Today we were playing fetch in the front yard, Abby saw a stranger walking by and sprinted across the road to jump on him and grab his jacket with her mouth. Needless to say he was not impressed.

Not only does Abby jump but she also bites! I'm worried one day I am going to get sued!

I already won't let her off the lead when people are around, now she can't be trusted in the yard! Does anyone have any tips to stop the biting, jumping and not coming back when called?

Thanks for your help!


----------



## born36 (Jun 28, 2011)

Right you need to go back to basics. So if in the garden or at a park use a long line and buy yourself a whistle.

Train her on her recall. Start in the house and blow the whistle each time you feed her. Then go in another room with a treat. Blow the whistle and when she comes give her a treat.

Then do the same in the garden. Put her on her long line and blow the whistle. When she comes back give her a treat. Once she has this down go to more distracting areas like a park. Put her on her long line and blow whistle. When she comes back give her a treat. 

Do this over and over and over again. She will get better.

For the jumping up go and get yourself some pet corrector which compressed air in a can. When she jumps on you spray the air. Not on her ever but spray the air upwards. The sound will snap her out of it. 
Vs are soooo social and so they do tend to run off to meet people but if you work on the recall over and over again she will get it.

Hang in there.


----------



## hotmischief (Mar 11, 2012)

I have the same problem with Boris jumping up at us and other people - it is the one thing I have not been able to sort. He knows the word OFF in fact people think his name is Borisoff 

If I anticipate him jumping up and tell him NO or OFF = that works, but I don't always see it coming.

The Pet Corrector is fantastic - just makes a hissing sound, but has the desired effect IF you have it to hand when they jump. Your post has prompted me to go and get another one as I need to get this sorted.

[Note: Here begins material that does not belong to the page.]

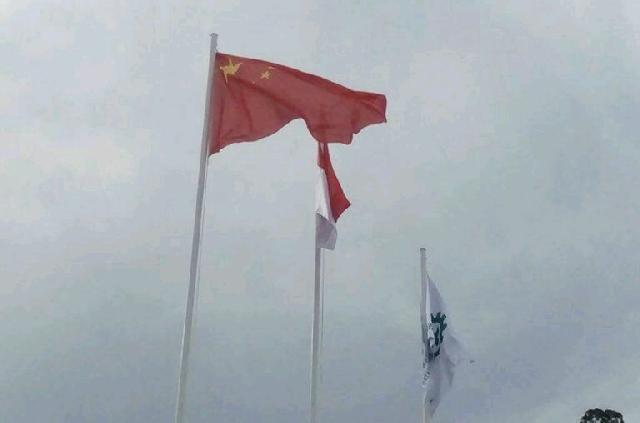 Gerindra: Justru Pemerintah Pelaku Makar Karena Biarkan Pengibaran Bendera China di Maluku Utara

Kristend, I would stick to an enclosed area, or use a line as Born suggests, until the recall is reliable. Boris's recall is good and I find a whistle is great when he is playing with other dogs - it just gets his attention and he comes flying back. RBD recommended a 211.5 whistle - I got a couple of ebay.

Let us know how you get on.


----------



## Kristend (Apr 20, 2012)

Thanks very much for your advice born36 and hotmischief! I had never thought of using a whistle or a pet corrector. I will definitely try both!
As well as the long line to practice recall at the park.
It would be so nice to have a dog that comes when calls and doesn't jump on people!


----------